Task input:
= = = = = = =
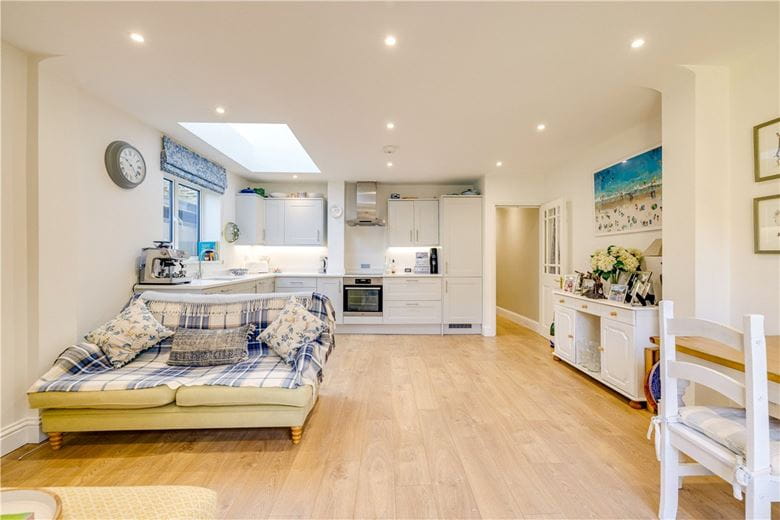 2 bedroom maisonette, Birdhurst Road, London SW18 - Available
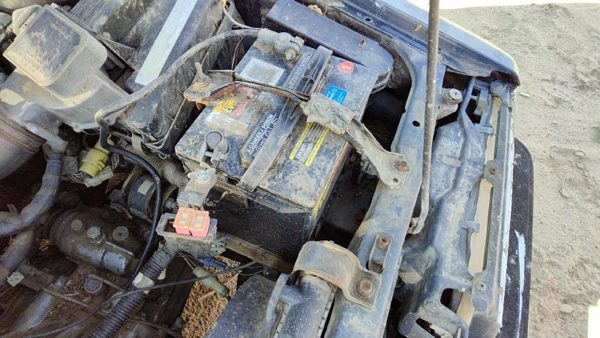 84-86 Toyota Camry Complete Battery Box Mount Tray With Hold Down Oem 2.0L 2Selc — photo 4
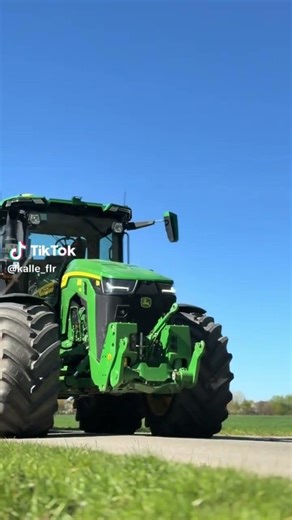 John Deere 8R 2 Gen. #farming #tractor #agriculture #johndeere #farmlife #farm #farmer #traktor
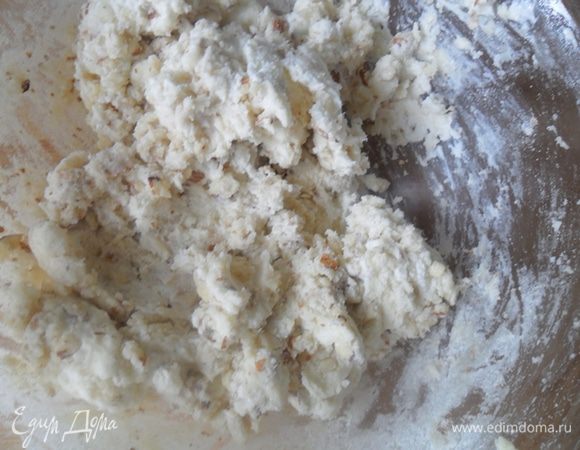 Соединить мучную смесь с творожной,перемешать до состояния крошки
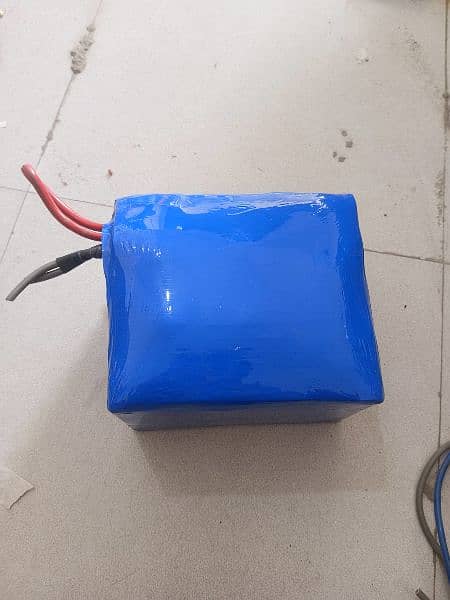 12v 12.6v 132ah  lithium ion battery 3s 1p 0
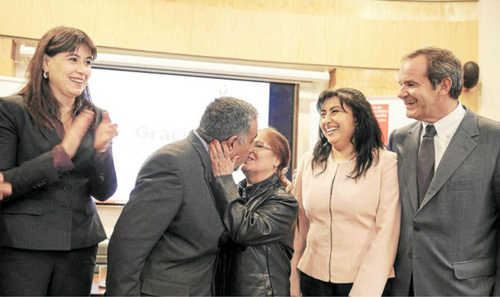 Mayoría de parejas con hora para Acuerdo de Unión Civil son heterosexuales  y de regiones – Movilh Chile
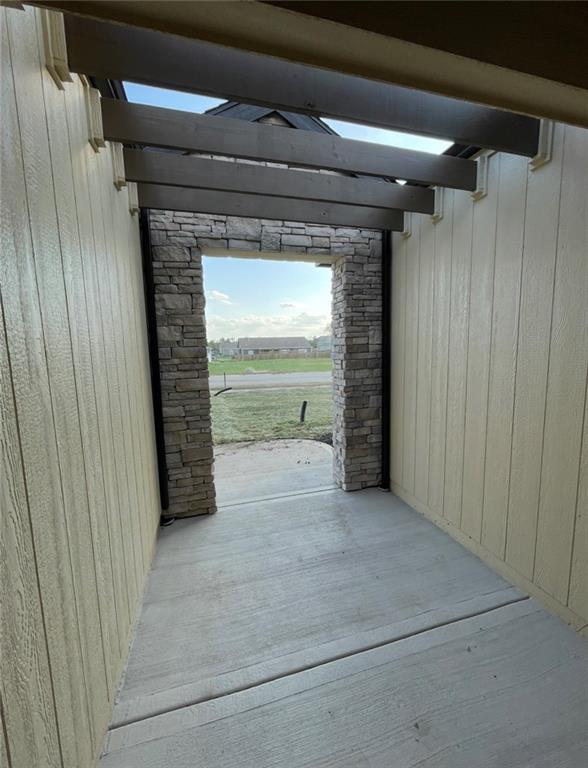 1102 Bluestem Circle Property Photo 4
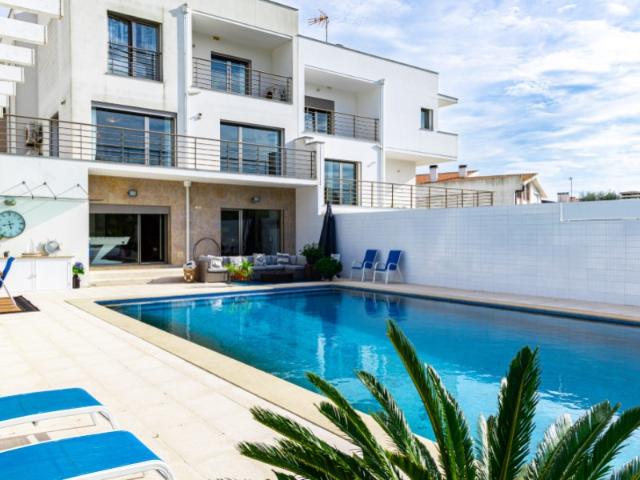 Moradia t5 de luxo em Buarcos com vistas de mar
= = = = = = =
What is expected: The copy must begin at the line containing "Соединить мучную смесь" and end at the last line of the data above, with every line retyped exactly and no pictures included.

Your response:
 Соединить мучную смесь с творожной,перемешать до состояния крошки
 12v 12.6v 132ah  lithium ion battery 3s 1p 0
 Mayoría de parejas con hora para Acuerdo de Unión Civil son heterosexuales  y de regiones – Movilh Chile
 1102 Bluestem Circle Property Photo 4
 Moradia t5 de luxo em Buarcos com vistas de mar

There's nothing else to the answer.